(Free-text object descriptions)
┄┄┄┄┄┄

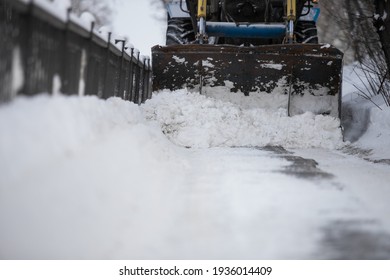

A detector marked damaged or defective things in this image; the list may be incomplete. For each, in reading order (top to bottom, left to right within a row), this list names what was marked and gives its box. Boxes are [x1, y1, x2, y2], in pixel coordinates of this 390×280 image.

rusty metal blade [151, 43, 342, 117]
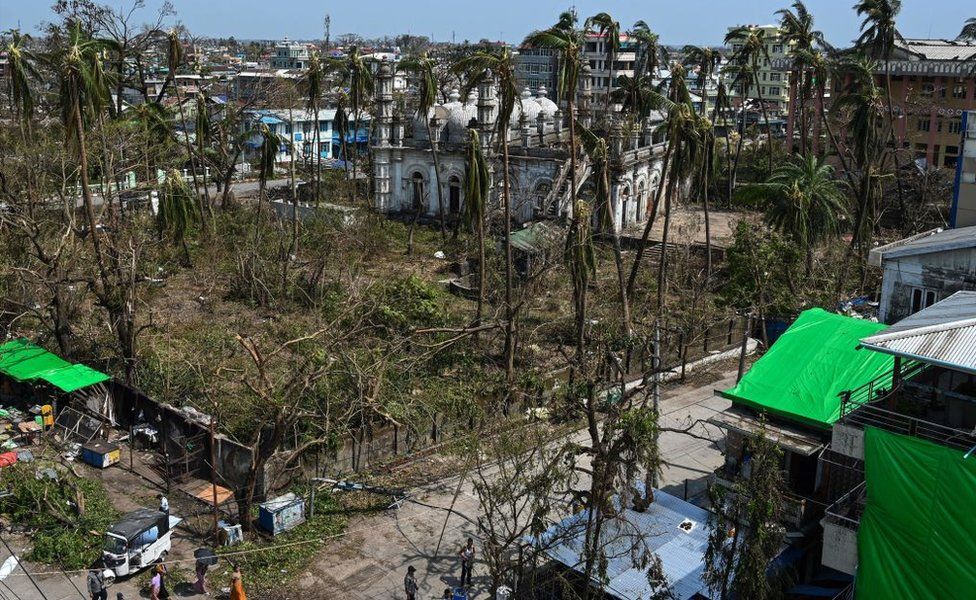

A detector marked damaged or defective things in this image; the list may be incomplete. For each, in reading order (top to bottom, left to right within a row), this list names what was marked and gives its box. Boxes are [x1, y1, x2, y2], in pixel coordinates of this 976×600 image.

rusty metal roof [860, 292, 976, 376]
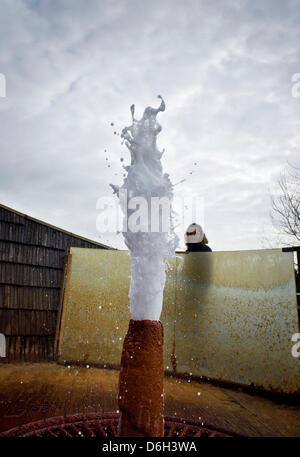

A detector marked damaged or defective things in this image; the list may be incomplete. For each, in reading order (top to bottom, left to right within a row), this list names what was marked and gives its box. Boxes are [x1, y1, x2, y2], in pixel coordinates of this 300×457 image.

corroded metal [56, 248, 300, 394]
corroded metal [0, 412, 240, 436]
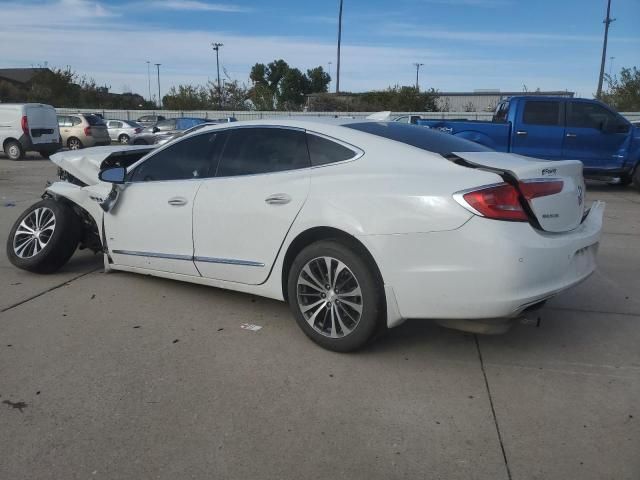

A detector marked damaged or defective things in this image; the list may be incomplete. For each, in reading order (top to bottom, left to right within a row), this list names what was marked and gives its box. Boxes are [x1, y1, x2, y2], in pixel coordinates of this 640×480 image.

crumpled hood [50, 144, 152, 186]
damaged front wheel [6, 199, 81, 274]
exposed wheel well [282, 226, 384, 304]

┄┄┄┄┄┄

### WHAT YOU NEED TO DO
Having located the line containing "this 640×480 image.", set it down along with every line after it through the end of the data, reproducing each exactly.

### ANSWER SPACE
A detector marked damaged or defective things in this image; the list may be incomplete. For each, in reading order (top to bottom, left to right within a row), this list names what was marked and gives its box. Boxes are [x1, y1, x2, y2], in pixel coordinates of this 640×480 image.

crumpled hood [50, 144, 152, 186]
damaged front wheel [6, 199, 81, 274]
exposed wheel well [282, 226, 384, 304]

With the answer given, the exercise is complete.